Snover est principalement connu comme le « père » et architecte en chef de PowerShell. Le développement a commencé sous le nom de code « Monad » au début de 2003, inspiré par le shell Bourne mais utilisant des objets .NET au lieu de flux de texte dans le pipeline. La conception imitait délibérément les shells Unix pour faciliter la transition des administrateurs Unix vers l'administration Windows. Le prototype a été implémenté dans le langage de programmation C#.

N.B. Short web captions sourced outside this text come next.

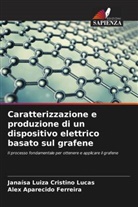 Alex Aparecido Ferreira, Janaísa Luiza Cristino Lucas - Caratterizzazione e produzione di un dispositivo elettrico basato sul grafene
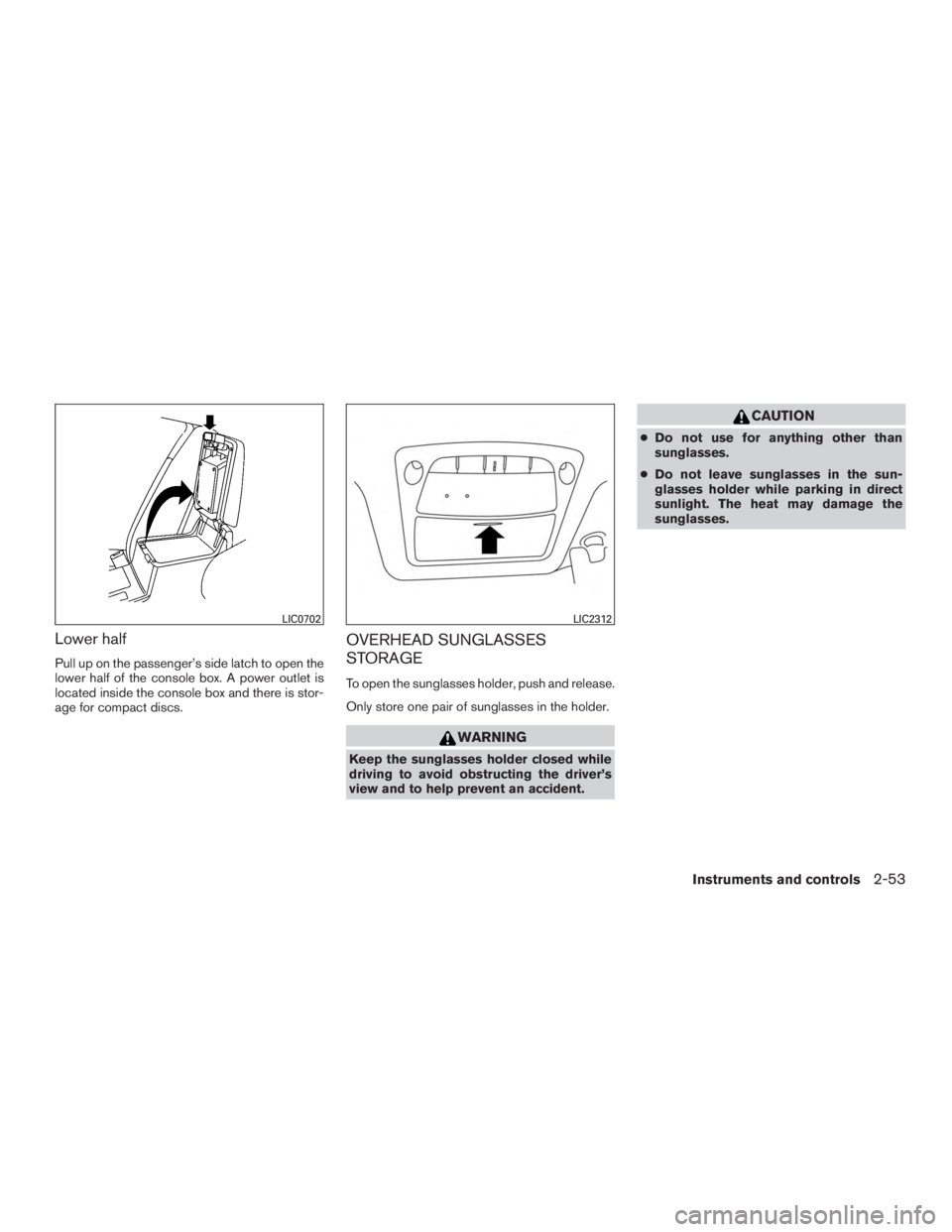 NISSAN PATHFINDER PLATINUM 2015  Owners Manual Lower half
Pull up on the passenger’s side latch to open the
lower half of the console box. A power outlet is
located inside the console box and there is stor-
age for compact discs.
OVERHEAD SUNGLA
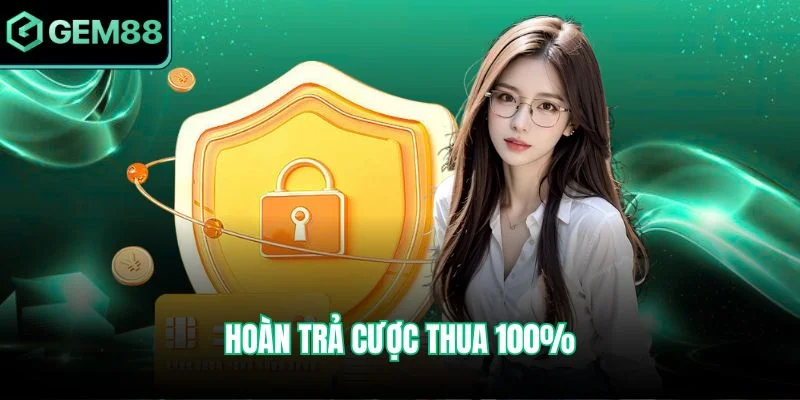 Hoàn trả cược thua 100%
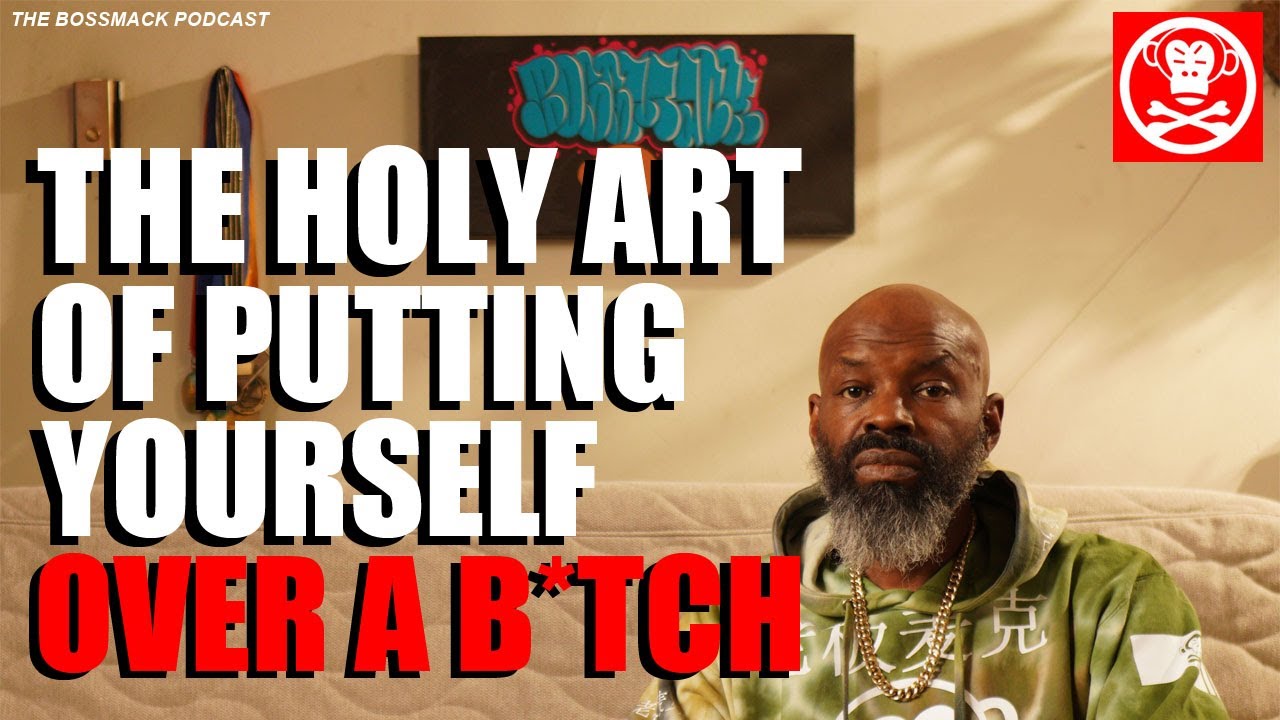 The BossMack Podcast - The Holy Art of putting yourself over a B*TCH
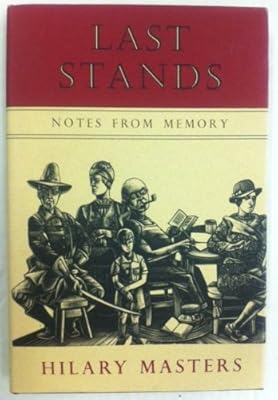 Last Stands : Notes from Memory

Le manifeste Monad a rencontré une résistance interne significative, conduisant à une rétrogradation temporaire de Snover. Il a décrit la période 2002-2006 comme douloureuse, frustrante et embarrassante. Après la finalisation de la version 1.0 en novembre 2006, PowerShell a été téléchargé près d'un million de fois en six mois, validant son utilité.
En 2015, Microsoft a promu Snover au rang de Technical Fellow. En 2019, il est devenu architecte IA pour le substrat Microsoft 365, puis CTO pour Modern Workforce Transformation. La même année, il a joué dans une série de vidéos intitulée « Getting Started With PowerShell » pour la Microsoft Virtual Academy.
Après Microsoft
En 2022, Snover a quitté Microsoft et a rejoint Google en tant que Distinguished Engineer en ingénierie de fiabilité des sites (SRE). Il a pris sa retraite de Google en janvier 2026.
Héritage et impact
PowerShell est devenu une pierre angulaire de l'administration système Windows, permettant l'automatisation et la gestion de configuration dans des environnements diversifiés. Son pipeline orienté objet a influencé les outils et approches de script ultérieurs dans l'industrie. Le travail de Snover sur MMC a également jeté les bases de consoles de gestion unifiées. Ses brevets et son leadership technique ont façonné la manière dont les entreprises gèrent des infrastructures informatiques à grande échelle, y compris des plateformes cloud comme Azure et Google Cloud.
Publications choisies
Snover a rédigé le « Monad Manifesto – the Origin of Windows PowerShell » (2007), qui documente la justification et la philosophie de conception derrière PowerShell. Il a également co-écrit un article de recherche sur les stratégies de débogage de scripts, publié dans les actes du 2e Symposium international sur le développement par l'utilisateur final (2009).